YOLOv7s Optimization for Road Defect Detection: Pruning, Pooling
and Attention Mechanisms
Ediga Nidiganti Rishika Thanmai, Boya Shireesha, Usha Sree Jagaragallu,
Gunereddy Bhavitha Reddy and Maddireddy Vinnetha Shree
Department of Computer Science & Engineering, Ravindra College of Engineering for Women, Kurnool, Andhra Pradesh,
India
Keywords: YOLOv7s, Road Defect Detection, Deep Learning, Pruning, Spatial Pyramid Pooling, Adaptive Pooling,
Attention Mechanism, CBAM, Real‑Time Detection, Smart Transportation, Autonomous Vehicles, IoT,
Computer Vision, Model Optimization, Infrastructure Monitoring.
Abstract: Road defect detection is crucial for ensuring traffic safety and efficient infrastructure maintenance. This report
presents an optimized YOLOv7-based road defect detection system, integrating pruning, pooling, and
attention mechanisms to enhance accuracy, reduce computational complexity, and improve real-time
performance. Pruning techniques eliminate redundant parameters, accelerating inference speed to maintain
detection accuracy. Pooling strategies, including Spatial Pyramid Pooling (SPP) and Adaptive Pooling,
enhance multi-scale feature extraction, enabling the model to detect defects of various shapes and textures.
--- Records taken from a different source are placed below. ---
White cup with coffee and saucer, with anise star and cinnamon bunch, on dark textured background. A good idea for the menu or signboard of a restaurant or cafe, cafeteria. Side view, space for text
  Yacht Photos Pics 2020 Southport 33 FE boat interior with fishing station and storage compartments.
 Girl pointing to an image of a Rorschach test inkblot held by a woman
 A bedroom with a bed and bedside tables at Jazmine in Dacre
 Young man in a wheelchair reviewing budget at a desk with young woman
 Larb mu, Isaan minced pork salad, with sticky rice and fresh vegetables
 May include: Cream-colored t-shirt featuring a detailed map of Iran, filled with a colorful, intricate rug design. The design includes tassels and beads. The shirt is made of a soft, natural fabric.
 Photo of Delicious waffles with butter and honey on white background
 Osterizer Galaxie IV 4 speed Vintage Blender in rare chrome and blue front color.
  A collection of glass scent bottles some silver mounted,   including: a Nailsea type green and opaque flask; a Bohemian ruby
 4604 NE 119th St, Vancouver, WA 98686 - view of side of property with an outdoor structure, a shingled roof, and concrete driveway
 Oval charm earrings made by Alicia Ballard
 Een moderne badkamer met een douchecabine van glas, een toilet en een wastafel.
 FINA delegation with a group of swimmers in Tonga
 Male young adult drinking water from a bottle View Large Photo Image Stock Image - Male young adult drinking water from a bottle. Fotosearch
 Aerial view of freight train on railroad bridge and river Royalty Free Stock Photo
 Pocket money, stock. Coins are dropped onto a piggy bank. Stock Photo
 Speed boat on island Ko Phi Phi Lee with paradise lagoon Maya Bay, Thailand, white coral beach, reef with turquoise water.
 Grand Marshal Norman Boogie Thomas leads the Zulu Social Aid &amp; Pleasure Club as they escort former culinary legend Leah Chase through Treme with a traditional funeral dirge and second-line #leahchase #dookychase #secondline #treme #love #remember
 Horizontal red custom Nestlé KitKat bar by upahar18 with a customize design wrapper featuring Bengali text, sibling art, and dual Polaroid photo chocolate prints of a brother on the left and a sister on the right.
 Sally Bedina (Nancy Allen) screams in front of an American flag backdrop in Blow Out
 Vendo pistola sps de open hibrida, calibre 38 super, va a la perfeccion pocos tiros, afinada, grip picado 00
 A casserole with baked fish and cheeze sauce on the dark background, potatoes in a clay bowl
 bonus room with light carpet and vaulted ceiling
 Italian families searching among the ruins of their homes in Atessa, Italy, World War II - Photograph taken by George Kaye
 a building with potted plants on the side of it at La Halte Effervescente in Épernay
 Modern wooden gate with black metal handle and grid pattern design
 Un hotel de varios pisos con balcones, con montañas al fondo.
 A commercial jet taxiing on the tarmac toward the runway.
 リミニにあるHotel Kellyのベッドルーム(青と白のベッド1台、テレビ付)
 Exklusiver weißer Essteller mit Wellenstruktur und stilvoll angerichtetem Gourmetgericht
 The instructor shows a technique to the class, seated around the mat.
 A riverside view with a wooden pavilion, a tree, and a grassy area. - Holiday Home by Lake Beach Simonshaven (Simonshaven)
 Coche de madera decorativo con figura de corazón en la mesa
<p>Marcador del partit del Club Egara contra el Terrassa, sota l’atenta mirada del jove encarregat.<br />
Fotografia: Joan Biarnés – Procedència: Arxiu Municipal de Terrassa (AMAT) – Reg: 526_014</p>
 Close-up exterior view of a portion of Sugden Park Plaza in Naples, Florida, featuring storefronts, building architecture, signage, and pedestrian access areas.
Additionally, attention mechanisms such as the Convolutional Block Attention Module refine feature
selection, focusing on critical defect regions and reducing false positives. Experimental results demonstrate
that the proposed optimizations significantly improve precision, recall, and mean average precision (mAP) on
benchmark datasets while minimizing computational overhead. The enhanced YOLOv7 model is lightweight
and efficient, making it ideal for real-time road monitoring applications, smart city infrastructure, and
autonomous vehicle systems.
1 INTRODUCTION
Road infrastructure plays a key role in transportation
and economic development. However, poor road
conditions, such as cracks, potholes, and surface
deformations, can lead to accidents, increased vehicle
maintenance costs, and inefficient transportation
systems. Traditional road inspection methods rely on
manual surveys, are labor-intensive, time-taking, and
prone to human error. The emergence of computer
vision and deep learning techniques has enabled the
automation of road defect detection, significantly
improving accuracy and efficiency.
You Only Look Once is one of the most widely
used object detection frameworks due to its ability to
perform real-time detection with high accuracy. The
latest version, YOLOv7, introduces several
improvements in feature extraction, detection
precision, and computational efficiency. However,
detecting road defects remains challenging due to
varying defect sizes, complex textures, lighting
conditions, and environmental factors. To address
these challenges, optimizing YOLOv7 with
techniques such as pruning, pooling, and attention
mechanisms can enhance detection performance
while maintaining efficiency.
Pruning reduces the computational burden by
removing unnecessary parameters, improving
inference speed without compromising accuracy.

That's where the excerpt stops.